The value of a business can be a moving target. There are often adjustments to be made for changes between the date of contract, last set of accounts, and completion. Preparing these clauses requires solicitors who have a practical understanding of the issues involved.
Sometimes the price can be related to the future performance of the business. In such cases the sale agreement will include earn-out provisions so that if the business continues to perform for the period of the earn-out, the seller receives further money, but at the same time the purchaser is protected in that if the business fails to perform he ultimately pays less for it.
Deferred consideration or escrow arrangements are other mechanisms that buyers often use to protect themselves. The buyer may be concerned, if all the consideration is paid at completion, that he will later find the seller is hard to trace, leaving the buyer to deal with anything that he sought to protect himself against in the Warranties.
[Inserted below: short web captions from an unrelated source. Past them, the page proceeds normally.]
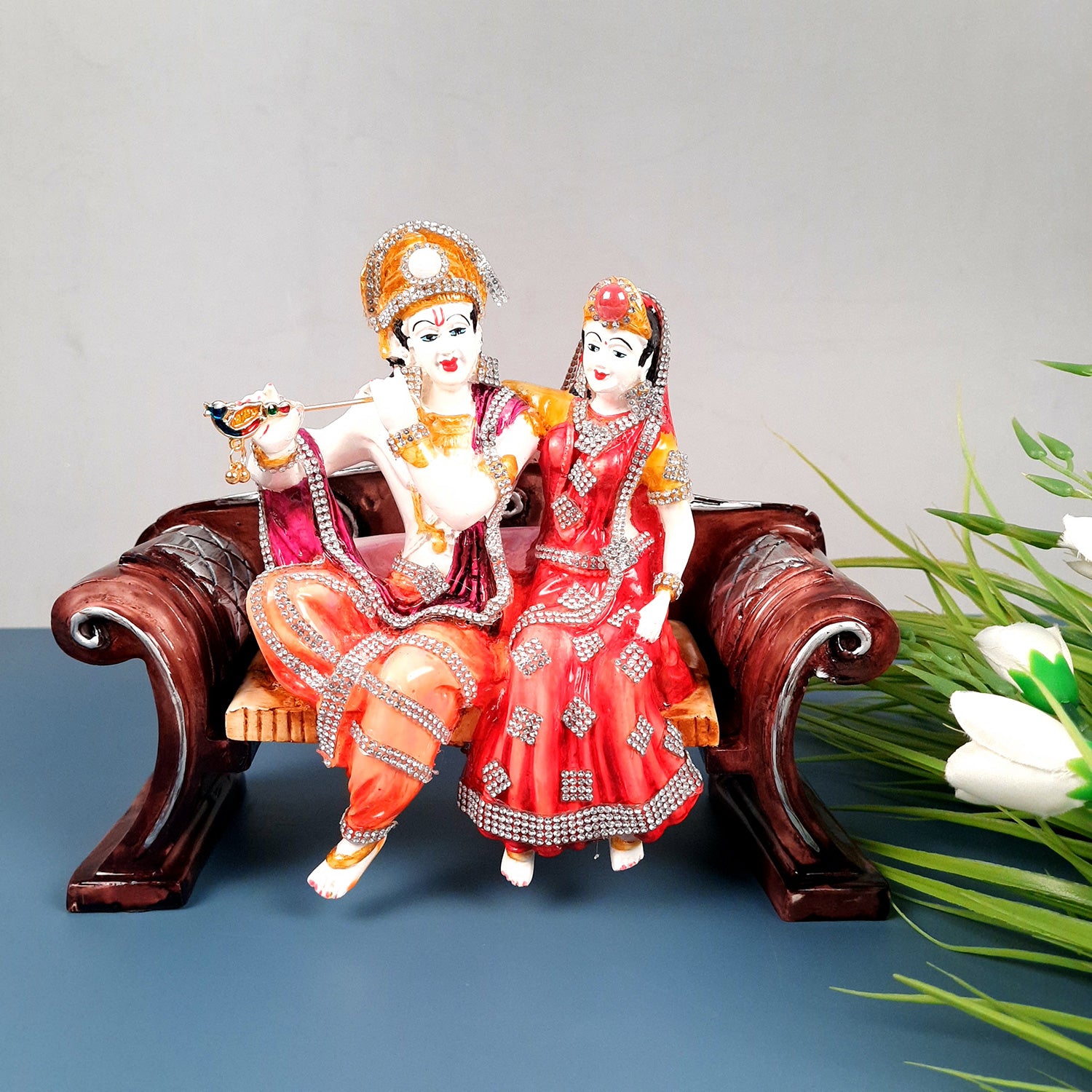 Radha Krishna Statue with Premium Finish Idol Murti - for Home Decor, Living Room, Temple, Pooja, Office & Gifts - 8 Inch - apkamart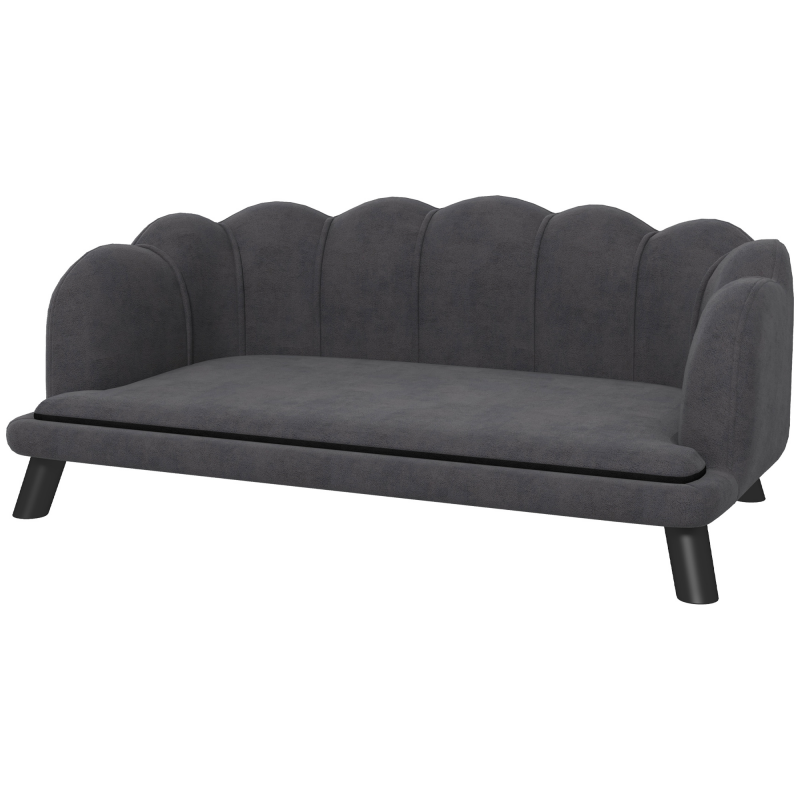PawHut Luxus-Hundesofa Rückenlehne Holzbeine Dunkelgrau 98,5x60,5x35,5cm Aosom – Bild 1 von 2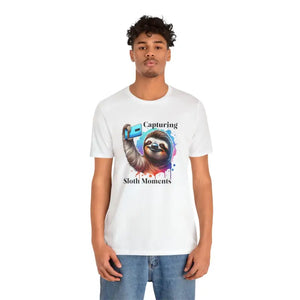 T-shirts - Sloth Selfie Tee - Comfy Cotton Short Sleeve - Dipaliz White / s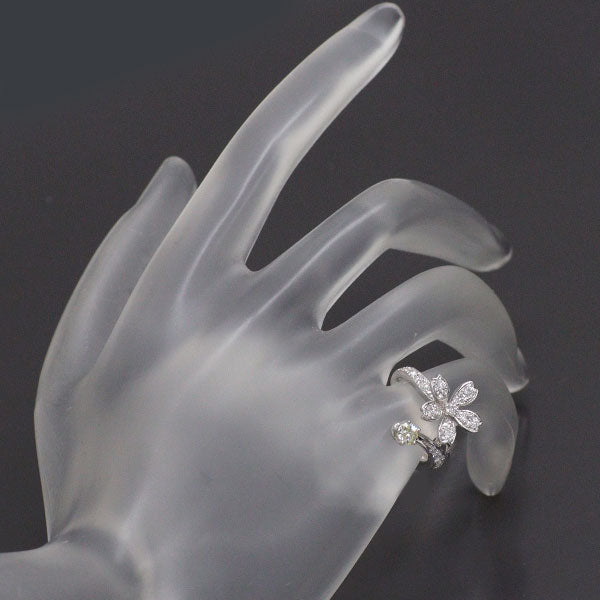 K18WG さくらカット ダイヤモンド ダイヤモンド リング 0.188ct D0.40ct ピンキー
With an owner managed business a purchaser will often want to tie the seller into the business in an advisory capacity for a year, two years, and in some cases longer. This is often needed to enable a handover period to ensure the seamless transfer and growth of the business. It can be difficult to be clear and specific about the basis on which the Seller will remain involved in the business.
While the transaction is based on the Sale and Purchase Agreement, there are other documents to consider and prepare, including:
Leases and property related documents
Assignments of contracts, goodwill, intellectual property rights
Board minutes for companies (possibly buyer as well as seller)
Service agreements (if seller staying on in the business)
Compromise agreements where some employees might be leaving the business
Releases from guarantees and debentures
Funding and security
In cases where the shares are being sold the employee issues are limited. This is because the Company remains the employer and there is no change whatsoever so far as the legal position of the employees is concerned.
Assets sales are entirely different. The seller’s contract of employment with the employees is theoretically terminated and a new contract is put in place with the buyer. This area of law is now covered by detailed statutory provisions under the Transfer of Undertakings (Protection of Employment) Regulations 2006 and The Service Provision Change (Protection of Employment) Regulations (Northern Ireland) 2006, usually referred to as TUPE.
The TUPE Regulations are very complicated and even a technical breach can give employees the right to bring extensive claims against the buyer or the seller. This tends to be one of the more difficult aspects of any business purchase or sale that needs to be considered with specialist advice to make sure there are no traps for the unwary.